John Sterling: Chemistry teacher at Skowhegan Area High School in Skowhegan, Maine, since 1973. Received a B.S. in Biology from the University of Maine in 1973.
In 1996 we began looking for ways to answer a recurring question posed by many of our students: “When are we ever going to use what we’re being taught in Chemistry?” We felt that students needed to see how chemistry could be applied to real-world problems and issues. With this as an objective, we developed the Environmental Water Project curriculum. In this Project, students work with their teachers and mentors from Sappi Fine Paper to solve hypothetical water quality issues based on realistic scenarios. Students work in teams, solving their assigned problems from an economic and scientific point of view and present their findings to their peers.

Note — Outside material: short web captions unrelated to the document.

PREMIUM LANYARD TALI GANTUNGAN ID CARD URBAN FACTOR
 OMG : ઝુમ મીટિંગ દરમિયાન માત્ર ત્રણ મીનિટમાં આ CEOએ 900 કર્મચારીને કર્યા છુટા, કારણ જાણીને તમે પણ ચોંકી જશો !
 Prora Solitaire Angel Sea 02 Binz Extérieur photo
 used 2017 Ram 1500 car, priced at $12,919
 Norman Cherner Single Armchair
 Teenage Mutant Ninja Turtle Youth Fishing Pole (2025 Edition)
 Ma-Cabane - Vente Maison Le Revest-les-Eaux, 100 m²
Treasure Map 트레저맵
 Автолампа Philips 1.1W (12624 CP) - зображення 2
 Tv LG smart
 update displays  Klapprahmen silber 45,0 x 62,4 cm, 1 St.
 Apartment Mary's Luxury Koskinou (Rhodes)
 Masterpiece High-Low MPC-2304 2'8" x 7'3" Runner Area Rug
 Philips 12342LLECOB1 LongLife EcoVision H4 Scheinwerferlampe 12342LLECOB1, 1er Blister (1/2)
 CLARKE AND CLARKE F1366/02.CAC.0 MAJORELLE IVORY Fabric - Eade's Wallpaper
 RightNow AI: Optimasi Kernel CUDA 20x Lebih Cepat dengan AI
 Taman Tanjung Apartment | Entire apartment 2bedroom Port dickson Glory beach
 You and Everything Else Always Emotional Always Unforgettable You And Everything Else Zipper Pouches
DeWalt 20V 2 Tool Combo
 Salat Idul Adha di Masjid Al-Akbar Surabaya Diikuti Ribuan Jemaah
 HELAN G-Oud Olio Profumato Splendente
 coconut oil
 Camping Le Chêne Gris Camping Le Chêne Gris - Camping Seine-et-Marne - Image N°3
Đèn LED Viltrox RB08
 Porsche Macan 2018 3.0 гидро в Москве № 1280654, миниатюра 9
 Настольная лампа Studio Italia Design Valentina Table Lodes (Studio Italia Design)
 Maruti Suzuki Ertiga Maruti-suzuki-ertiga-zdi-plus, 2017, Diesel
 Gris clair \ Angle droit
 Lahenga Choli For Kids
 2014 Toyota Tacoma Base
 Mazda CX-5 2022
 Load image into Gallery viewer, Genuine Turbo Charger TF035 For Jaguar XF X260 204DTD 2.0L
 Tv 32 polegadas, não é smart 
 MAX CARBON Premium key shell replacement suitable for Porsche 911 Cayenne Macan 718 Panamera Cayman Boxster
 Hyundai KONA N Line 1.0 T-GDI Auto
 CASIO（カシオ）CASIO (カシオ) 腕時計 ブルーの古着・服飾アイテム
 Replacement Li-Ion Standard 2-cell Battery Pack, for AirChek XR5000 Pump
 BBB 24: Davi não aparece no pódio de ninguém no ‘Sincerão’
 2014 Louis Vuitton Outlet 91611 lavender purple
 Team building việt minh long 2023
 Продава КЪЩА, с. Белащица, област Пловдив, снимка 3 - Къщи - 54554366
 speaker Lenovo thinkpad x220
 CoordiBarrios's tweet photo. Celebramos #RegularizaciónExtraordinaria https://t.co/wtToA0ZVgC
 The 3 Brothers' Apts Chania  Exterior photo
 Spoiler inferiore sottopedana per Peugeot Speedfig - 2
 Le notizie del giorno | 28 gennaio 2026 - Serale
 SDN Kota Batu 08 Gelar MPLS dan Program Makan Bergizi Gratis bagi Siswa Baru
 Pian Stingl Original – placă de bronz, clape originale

Within the last few years, the project was expanded to include actual testing of a local watershed, Cold Brook Pond. Our students worked in conjunction with the Skowhegan Conservation Commission and Sappi Fine Paper. The findings related to this real-world analysis have been published and are available upon request. Recently Sappi Fine Paper received the Governor’s Award for Excellence in Environmental Outreach for their role in the Project. For more information about the Environmental Water Project, go to:
Dr. Joseph L. Polman
Dr. Polman is Assistant Professor of Educational Technology in the Division of Teaching and Learning. He investigates inquiry-based learning involving computers and the Internet as tools, viewed from a sociocultural perspective.
Dr. Polman’s book, Designing Project-based Science: Connecting Learners through Guided Inquiry, explores the complexity of changing teaching practice, detailing the conflicts that emerge when a teacher challenges traditional approaches to teaching and learning. Dr. Polman provides lively examples of what it means to “learn by doing,” describing strategies that educators can use to move beyond traditional textbook approaches and interact with their students in ways that encourage them to become active science learners. He has worked with children and teachers in schools and in non-school settings such as after school clubs, on projects involving subject areas including science, history, and foreign languages. Presently Dr. Polman is working with a team at UM-St. Louis to help create the E. Desmond Lee Technology and Learning Center, a Center for researching the use of technology in education.